Suppose 4.00mol of an ideal gas undergoes a reversible isothermal expansion from volume${\mathit{v}}_{\mathbf{1}}$ to${\mathit{v}}_{\mathbf{2}}\mathbf{=}\mathbf{2}\mathbf{.}\mathbf{00}{\mathit{V}}_{\mathbf{1}}$ volume at temperature T = 400 K . (a) Find the work done by the gas and (b) Find the entropy change of the gas (c) If the expansion is reversible and adiabatic instead of isothermal, what is the entropy change of the gas?

Short answer

1. The work done by the gas is $9.22\times {10}^3\mathrm{J}$
2. The entropy change of the gas is$23.1\mathrm{J}/\mathrm{K}$
3. If expansion is reversible and adiabatic instead of isothermal, the entropy change of the gas is zero.

Step-by-step solution

The given data

1. $V_2=2.00V_1$Mole of an idea gas,$\mathrm{n}=4.00\mathrm{mol}$
2. Volume change in the isothermal process, from $V_1$to
3. Change takes place at temperature, T = 400 K

Understanding the concept of isothermal and adiabatic expansion change

In an isothermal process, the temperature stays constant; however, in an adiabatic process, the temperature changes because internal energy is changed rather than heat being transported.
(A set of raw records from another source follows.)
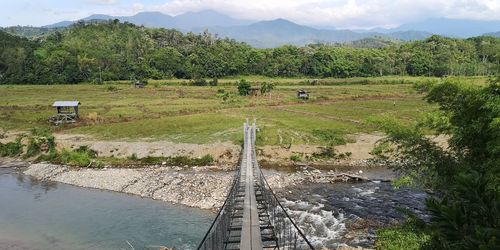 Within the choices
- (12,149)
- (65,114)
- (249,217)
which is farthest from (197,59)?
(249,217)

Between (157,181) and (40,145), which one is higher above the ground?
(40,145)

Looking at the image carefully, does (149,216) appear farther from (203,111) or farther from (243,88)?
(243,88)

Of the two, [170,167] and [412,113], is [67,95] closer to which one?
[170,167]

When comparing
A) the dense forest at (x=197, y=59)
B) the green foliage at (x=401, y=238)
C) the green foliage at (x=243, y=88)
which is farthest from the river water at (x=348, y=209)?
the dense forest at (x=197, y=59)

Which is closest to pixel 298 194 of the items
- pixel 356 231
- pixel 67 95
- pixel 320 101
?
pixel 356 231

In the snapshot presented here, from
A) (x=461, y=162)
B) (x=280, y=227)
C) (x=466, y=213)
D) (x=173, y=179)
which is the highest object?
(x=466, y=213)

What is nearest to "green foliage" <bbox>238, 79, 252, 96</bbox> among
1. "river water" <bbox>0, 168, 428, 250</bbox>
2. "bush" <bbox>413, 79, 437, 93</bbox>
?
"river water" <bbox>0, 168, 428, 250</bbox>

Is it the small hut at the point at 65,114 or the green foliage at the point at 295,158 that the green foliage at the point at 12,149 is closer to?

We can find the work done by the gas using the formula for work done in an isothermal process. Then the entropy change of the gas can be found using its formula for the isothermal process.

Formulae:
The work done by the gas during isothermal process, $W=nRTIn\left(\frac{V_2}{V_1}\right)$ …(i)

Where, R is gas constant = $8.314\mathrm{J}.{\mathrm{mol}}^{-1}.{\mathrm{K}}^{-1}$

The entropy change by the gas, $∆S=\frac{Q}{T}$ …(ii)

(a) Calculation of the work done by the gas

During the isothermal process, work done by the gas using equation (i) and the given values can be given as:

$$\begin{gathered} W=\left(4\mathrm{mol}\right)\left(8.314\mathrm{J}.{\mathrm{mol}}^{-1}.\mathrm{K}\right)\left(400\mathrm{K}\right)In\left(\frac{2V_1}{V_1}\right) \\ =9220\mathrm{J} \\ \approx 9.22\times {10}^3\mathrm{J} \end{gathered}$$

Hence, the value of the work done by the gas is$9.22\times {10}^3\mathrm{J}$

(b) Calculation of the entropy change by the gas

In isothermal process, the heat transferred b y the body is equal to the work done by the gas for constant temperature. So, Q = W

From equation (ii) and using the given values, we can get the entropy change by the gas as follows:

$$\begin{gathered} ∆S=\frac{W}{T} \\ =\frac{9220\mathrm{J}}{400\mathrm{K}} \\ =23.05\mathrm{J}/\mathrm{K} \\ \approx 23.1\mathrm{J}/\mathrm{K} \end{gathered}$$

Hence, the value of the entropy change by the gas is 23.1 J/K

(c) Calculation of the entropy change by the gas in adiabatic process

For reversible adiabatic processes, entropy is constant. Hence, entropy change of the gas, if the expansion is reversible and adiabatic is zero.